Updates Below (most recent 8:30am)
So here we are... it's time to track that change-over and gauge how the forecast is doing. Please refer to yesterday's blog post for the base forecast of this event.
Some of the models from late yesterday, particularly the NAM, came in a little colder and snowier, but that's okay since I was already a little above its numbers anyway. I would caution that the Beckley area may be flirting with higher snowfall totals if this system verifies with the new suite of runs.
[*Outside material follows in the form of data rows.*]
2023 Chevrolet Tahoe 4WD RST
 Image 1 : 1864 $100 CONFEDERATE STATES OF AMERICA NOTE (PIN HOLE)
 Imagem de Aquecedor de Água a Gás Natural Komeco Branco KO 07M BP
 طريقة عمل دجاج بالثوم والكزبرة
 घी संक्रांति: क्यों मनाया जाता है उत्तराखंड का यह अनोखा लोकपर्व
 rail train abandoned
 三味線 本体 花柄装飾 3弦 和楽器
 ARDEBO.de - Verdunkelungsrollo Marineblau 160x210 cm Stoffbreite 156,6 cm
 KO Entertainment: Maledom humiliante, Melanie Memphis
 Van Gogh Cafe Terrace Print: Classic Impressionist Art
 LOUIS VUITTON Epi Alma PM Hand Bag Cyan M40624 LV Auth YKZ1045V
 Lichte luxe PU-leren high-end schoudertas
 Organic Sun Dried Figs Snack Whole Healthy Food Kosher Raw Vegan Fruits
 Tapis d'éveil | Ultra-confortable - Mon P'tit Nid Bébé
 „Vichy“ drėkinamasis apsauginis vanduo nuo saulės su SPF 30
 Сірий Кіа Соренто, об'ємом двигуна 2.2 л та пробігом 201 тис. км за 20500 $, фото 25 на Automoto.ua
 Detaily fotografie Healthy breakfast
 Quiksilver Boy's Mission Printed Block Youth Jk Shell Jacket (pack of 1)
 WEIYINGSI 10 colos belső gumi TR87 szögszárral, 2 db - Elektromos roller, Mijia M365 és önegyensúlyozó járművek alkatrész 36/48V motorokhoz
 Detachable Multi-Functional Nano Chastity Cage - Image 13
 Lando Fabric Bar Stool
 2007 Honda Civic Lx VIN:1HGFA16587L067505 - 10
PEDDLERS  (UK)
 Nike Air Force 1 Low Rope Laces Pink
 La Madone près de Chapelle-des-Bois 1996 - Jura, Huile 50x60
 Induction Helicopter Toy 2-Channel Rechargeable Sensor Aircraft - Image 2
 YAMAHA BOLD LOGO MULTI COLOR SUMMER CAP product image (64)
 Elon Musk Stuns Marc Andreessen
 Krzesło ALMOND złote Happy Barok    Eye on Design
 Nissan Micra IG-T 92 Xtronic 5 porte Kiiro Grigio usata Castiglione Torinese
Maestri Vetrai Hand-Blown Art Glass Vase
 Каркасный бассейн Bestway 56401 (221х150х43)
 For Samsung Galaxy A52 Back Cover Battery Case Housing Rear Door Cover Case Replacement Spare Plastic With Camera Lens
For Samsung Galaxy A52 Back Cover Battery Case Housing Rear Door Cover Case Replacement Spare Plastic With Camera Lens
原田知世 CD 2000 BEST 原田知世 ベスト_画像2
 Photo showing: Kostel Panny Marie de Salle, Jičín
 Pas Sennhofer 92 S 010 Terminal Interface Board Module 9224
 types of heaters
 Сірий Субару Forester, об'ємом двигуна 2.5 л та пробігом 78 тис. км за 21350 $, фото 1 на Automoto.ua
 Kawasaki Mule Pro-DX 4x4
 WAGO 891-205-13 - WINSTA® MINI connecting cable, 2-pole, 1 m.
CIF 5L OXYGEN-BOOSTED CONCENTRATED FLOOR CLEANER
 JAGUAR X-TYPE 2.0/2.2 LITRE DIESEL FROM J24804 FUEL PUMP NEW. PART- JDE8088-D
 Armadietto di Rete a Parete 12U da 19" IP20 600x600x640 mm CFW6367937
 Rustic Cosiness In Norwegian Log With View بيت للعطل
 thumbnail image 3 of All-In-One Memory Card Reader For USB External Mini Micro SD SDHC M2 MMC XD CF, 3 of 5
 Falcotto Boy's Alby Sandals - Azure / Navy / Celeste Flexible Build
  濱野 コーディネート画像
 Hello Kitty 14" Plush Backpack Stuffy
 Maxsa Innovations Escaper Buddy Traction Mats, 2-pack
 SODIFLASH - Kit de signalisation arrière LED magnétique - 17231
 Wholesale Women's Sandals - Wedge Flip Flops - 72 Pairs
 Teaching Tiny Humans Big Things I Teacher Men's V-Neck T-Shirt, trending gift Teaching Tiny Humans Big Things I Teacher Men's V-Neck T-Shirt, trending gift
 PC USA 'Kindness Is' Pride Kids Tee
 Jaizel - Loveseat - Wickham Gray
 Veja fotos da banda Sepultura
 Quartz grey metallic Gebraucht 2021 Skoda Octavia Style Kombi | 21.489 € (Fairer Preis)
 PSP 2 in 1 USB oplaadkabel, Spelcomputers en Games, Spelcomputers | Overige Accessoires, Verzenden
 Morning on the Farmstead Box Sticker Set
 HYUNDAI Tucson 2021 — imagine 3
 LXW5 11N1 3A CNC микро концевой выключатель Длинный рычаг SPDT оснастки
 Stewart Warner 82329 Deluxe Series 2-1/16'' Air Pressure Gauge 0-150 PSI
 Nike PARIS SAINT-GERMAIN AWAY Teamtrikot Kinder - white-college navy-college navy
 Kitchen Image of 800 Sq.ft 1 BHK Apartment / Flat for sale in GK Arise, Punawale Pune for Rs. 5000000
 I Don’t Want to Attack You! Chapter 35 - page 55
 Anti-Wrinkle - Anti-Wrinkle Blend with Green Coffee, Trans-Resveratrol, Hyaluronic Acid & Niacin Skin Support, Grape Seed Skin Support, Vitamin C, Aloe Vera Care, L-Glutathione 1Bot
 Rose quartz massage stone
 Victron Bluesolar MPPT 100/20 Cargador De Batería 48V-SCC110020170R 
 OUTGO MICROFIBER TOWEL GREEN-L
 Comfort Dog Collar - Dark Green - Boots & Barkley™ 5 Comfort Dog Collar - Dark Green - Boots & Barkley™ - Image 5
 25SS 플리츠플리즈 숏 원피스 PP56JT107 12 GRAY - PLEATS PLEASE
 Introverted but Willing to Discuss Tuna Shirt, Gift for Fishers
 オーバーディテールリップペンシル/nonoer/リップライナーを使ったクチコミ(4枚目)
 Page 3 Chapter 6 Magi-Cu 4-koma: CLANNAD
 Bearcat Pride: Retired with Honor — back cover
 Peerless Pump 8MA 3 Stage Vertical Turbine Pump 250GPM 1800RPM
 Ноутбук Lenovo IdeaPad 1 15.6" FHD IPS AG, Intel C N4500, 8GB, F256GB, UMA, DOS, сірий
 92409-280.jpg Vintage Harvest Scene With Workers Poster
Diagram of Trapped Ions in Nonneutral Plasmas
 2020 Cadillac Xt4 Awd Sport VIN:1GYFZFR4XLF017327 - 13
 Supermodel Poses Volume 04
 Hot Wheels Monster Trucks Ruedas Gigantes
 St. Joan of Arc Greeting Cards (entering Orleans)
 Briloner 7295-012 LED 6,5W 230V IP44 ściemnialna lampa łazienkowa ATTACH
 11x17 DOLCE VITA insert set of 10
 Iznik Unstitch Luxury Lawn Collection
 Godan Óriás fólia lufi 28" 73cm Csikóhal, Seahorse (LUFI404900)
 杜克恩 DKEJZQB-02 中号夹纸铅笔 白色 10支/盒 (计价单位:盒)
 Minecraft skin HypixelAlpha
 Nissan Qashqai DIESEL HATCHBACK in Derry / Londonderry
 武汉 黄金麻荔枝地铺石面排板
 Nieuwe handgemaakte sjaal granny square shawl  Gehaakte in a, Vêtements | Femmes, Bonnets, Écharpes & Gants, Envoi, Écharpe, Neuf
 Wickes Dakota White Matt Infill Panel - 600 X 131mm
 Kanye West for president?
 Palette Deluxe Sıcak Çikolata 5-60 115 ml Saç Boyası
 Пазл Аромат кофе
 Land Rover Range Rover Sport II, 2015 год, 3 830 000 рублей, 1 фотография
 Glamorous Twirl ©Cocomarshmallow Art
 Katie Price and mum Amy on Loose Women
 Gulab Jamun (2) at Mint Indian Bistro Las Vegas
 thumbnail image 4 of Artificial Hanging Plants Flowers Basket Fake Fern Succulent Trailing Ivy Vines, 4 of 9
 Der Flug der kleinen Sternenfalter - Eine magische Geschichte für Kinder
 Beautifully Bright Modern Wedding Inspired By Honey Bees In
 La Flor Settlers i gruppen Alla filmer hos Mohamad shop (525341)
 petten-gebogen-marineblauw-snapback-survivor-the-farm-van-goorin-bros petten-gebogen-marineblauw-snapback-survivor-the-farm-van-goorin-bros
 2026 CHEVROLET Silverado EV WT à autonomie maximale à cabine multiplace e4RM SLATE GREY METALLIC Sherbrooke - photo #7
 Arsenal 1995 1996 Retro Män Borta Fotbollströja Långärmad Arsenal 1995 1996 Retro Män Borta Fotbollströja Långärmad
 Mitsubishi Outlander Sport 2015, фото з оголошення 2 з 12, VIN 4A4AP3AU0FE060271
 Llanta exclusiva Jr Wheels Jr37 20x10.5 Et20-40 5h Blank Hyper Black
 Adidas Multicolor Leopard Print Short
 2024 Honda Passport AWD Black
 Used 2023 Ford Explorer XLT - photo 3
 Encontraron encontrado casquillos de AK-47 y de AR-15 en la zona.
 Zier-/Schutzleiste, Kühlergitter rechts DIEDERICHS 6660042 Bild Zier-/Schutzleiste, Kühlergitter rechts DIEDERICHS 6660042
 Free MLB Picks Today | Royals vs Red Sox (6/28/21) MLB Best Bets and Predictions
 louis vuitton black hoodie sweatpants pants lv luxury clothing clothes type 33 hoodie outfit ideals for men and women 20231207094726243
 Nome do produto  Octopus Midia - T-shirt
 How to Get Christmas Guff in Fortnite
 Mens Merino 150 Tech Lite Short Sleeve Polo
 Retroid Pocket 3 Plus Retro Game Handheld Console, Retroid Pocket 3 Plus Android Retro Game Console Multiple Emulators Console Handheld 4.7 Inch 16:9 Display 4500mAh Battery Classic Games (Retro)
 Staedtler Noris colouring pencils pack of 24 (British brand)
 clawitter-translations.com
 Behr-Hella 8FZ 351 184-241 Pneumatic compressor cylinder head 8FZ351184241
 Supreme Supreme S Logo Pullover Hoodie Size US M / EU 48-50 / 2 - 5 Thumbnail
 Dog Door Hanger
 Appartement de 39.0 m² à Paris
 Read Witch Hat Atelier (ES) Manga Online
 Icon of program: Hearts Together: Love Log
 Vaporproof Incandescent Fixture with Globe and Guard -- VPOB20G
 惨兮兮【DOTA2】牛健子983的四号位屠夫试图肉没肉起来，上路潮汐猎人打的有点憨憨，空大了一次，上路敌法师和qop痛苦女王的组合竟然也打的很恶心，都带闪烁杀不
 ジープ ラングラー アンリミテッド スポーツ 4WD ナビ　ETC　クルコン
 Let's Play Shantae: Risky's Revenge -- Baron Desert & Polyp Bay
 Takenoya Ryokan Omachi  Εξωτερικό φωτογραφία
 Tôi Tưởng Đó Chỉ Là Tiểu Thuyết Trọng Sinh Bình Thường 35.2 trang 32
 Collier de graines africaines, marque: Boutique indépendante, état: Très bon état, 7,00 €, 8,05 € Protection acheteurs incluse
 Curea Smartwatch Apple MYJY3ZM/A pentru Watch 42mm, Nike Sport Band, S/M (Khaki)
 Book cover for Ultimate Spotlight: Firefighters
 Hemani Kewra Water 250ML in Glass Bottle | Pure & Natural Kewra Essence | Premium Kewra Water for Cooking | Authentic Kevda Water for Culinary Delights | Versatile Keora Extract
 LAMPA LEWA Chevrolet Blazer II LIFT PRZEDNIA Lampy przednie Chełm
The River-Cities area is still in that donut-hole bubble whereby sinking air moving down the Appalachians steps in to rob the region of what otherwise might have been a healthier snow event.
|GFS - Regional Snowfall Forecast||NAM - Regional Snowfall Forecast|
The snowfall accumulation scale should be the same on both maps, so read the right-hand one if you need to-- it looks like it's come out better. The two models have some large differences in upstate New York, but largely are similar locally.
I will update this post with the latest snowfall accumulation map featured on WSAZ if one indeed needs to be updated.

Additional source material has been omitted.